Flt Lt Eric Garland (1)

Flight Lieutenant Eric Garland, who has died aged 95, served throughout the Second World War, initially in the Army and then with the RAF; he was decorated three times, including two MCs for gallantry.


As a 20-year old officer in the 6th Battalion, York and Lancaster Regiment, Garland was awarded his first MC for the “conspicuous bravery” he showed in rescuing three men from a burning ammunition store during a very intense bombing raid at Watou during the retreat to Dunkirk. In Lebanon, less than a year later, by now with No 11 (Scottish) Commando, he won a Bar to his MC, during the invasion of Vichy-controlled Syria-Lebanon, for his part in the Litani River raid. The following year he transferred to the RAF and trained as a fighter-reconnaissance pilot.


Eric Francis Garland was born in south London on February 2 1920. After leaving Whitgift School, Croydon, he worked as a trainee manager with Imperial Airways and also joined the Artists’ Rifles, a TA regiment. At the outbreak of the war he was commissioned into the York and Lancaster Regiment and in November 1939 crossed to France with the BEF as part of the 138th Infantry Brigade, 46th Infantry Division.


After the action that earned him his first MC, Garland, supported by 40 men, had been ordered to hold a bridge over the Canal des Moëres at Téteghem against a much larger German force. They came under heavy mortar fire but held out for three days before taking one of the last boats – a paddle steamer called the Medway Queen – back to Britain, where he volunteered for service with the newly formed No 11 (Scottish) Commando. During his rigorous Special Forces training in the Scottish Highlands, he learnt that an enemy bomb had hit his home at Chipstead, Surrey, killing his 17-year-old sister and the family dog. He joined his commando unit in Palestine where they were given the task of mounting an amphibious assault on the Litani River and securing both banks in order to prevent the demolition of the Qasmiye Bridge that crossed it, thereby allowing the Australian 21st Infantry Brigade to advance towards Beirut.

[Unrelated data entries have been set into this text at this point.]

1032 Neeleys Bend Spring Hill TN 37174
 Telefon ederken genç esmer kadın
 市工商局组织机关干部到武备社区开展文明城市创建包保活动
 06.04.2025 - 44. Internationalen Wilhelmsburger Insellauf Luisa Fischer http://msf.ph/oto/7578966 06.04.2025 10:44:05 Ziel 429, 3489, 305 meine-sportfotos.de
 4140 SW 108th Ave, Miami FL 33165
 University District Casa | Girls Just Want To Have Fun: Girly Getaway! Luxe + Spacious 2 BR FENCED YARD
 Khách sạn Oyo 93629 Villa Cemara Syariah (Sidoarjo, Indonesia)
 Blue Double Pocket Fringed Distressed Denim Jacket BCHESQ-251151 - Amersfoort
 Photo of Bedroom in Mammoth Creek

Garland landed on the south side and had to cross the wide, fast-flowing river while taking heavy casualties from 75mm guns. Stuck in dead ground, his force was unable to move because they were being shelled and engaged by snipers. Later he recalled: “I was tired of waiting and having my men killed. I got to the river bank and I thought I would chance it. I exposed myself to the fire a few times so that I could locate one of the snipers... I located him nearly 200 yards away on the other side of the river, and I shot and killed him using a Bren gun – we found the sniper’s body later. It was quite a dangerous game but by then I felt like a cornered cat: I was prepared to kill or be killed.”